*INPUT MATERIAL:*
- - - - - - -

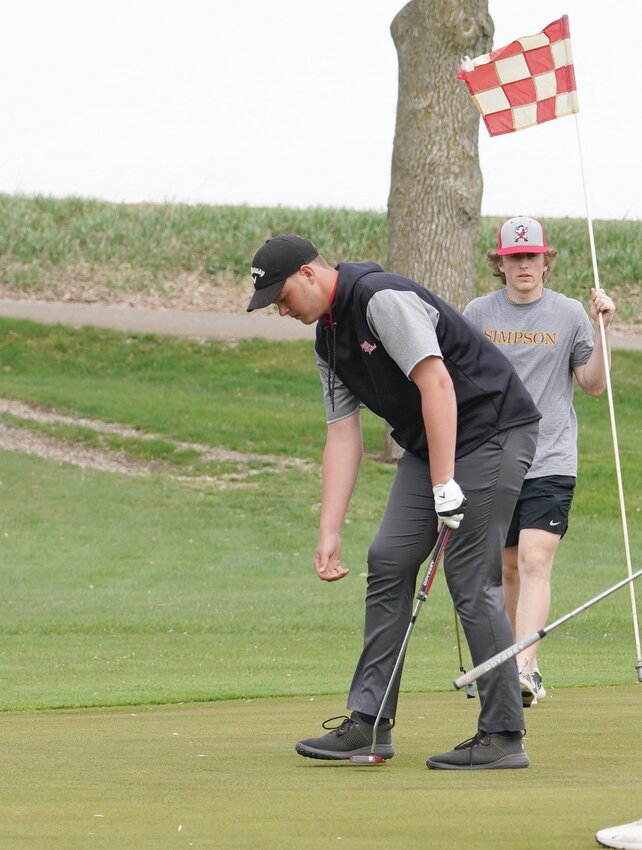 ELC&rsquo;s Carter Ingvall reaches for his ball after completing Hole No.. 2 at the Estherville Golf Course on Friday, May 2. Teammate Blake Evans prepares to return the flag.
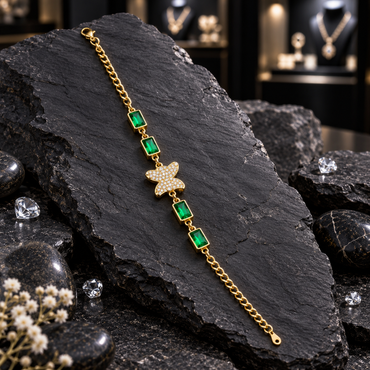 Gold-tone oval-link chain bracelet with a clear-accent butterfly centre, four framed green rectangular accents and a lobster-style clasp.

- - - - - - -

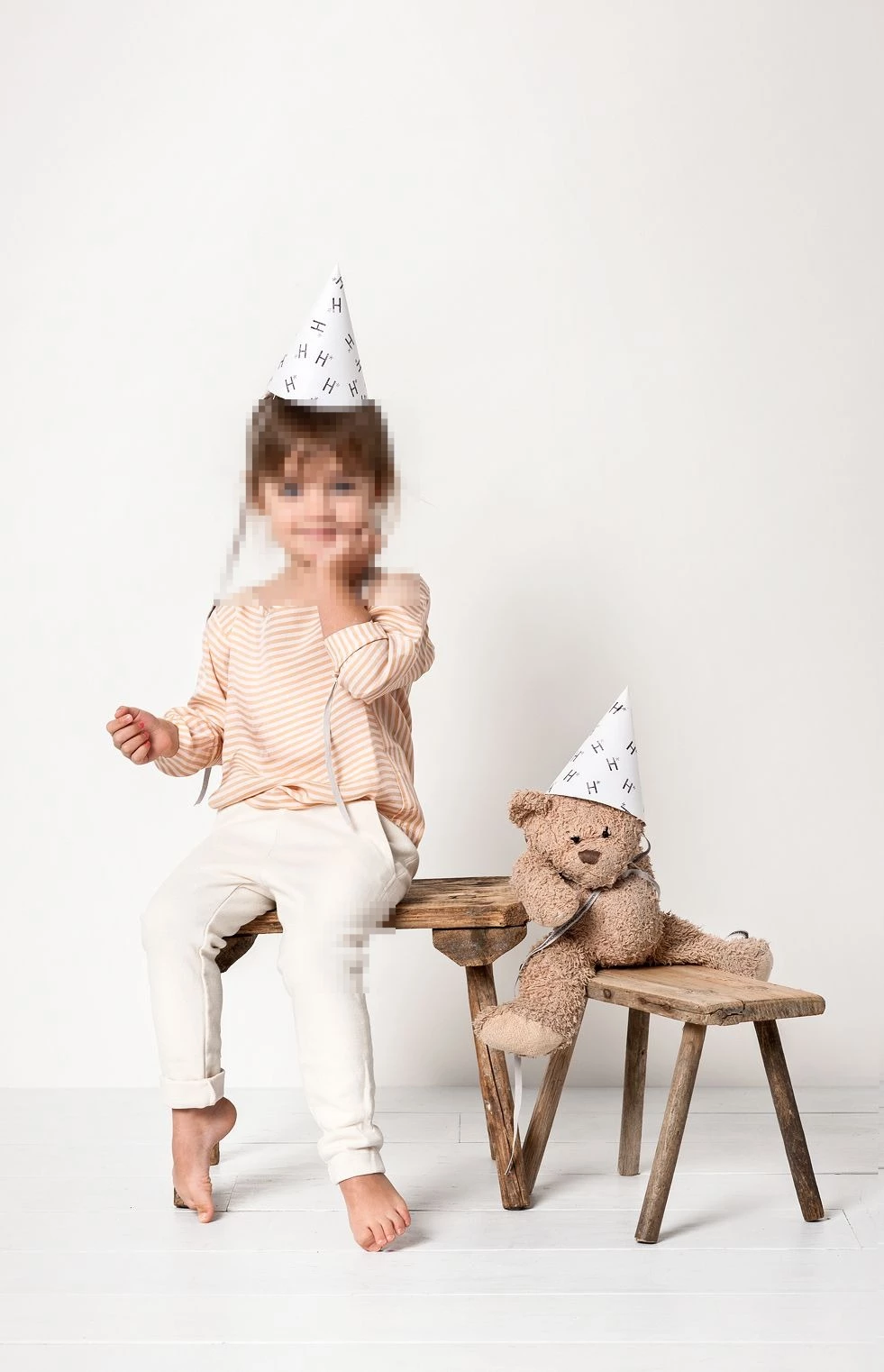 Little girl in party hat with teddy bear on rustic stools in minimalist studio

- - - - - - -

Exact copy, pictures excluded: every line above from the one containing "ELC&rsquo;s Carter Ingvall" to the one containing "Gold-tone oval-link chain", inclusive, and nothing more.

 ELC&rsquo;s Carter Ingvall reaches for his ball after completing Hole No.. 2 at the Estherville Golf Course on Friday, May 2. Teammate Blake Evans prepares to return the flag.
 Gold-tone oval-link chain bracelet with a clear-accent butterfly centre, four framed green rectangular accents and a lobster-style clasp.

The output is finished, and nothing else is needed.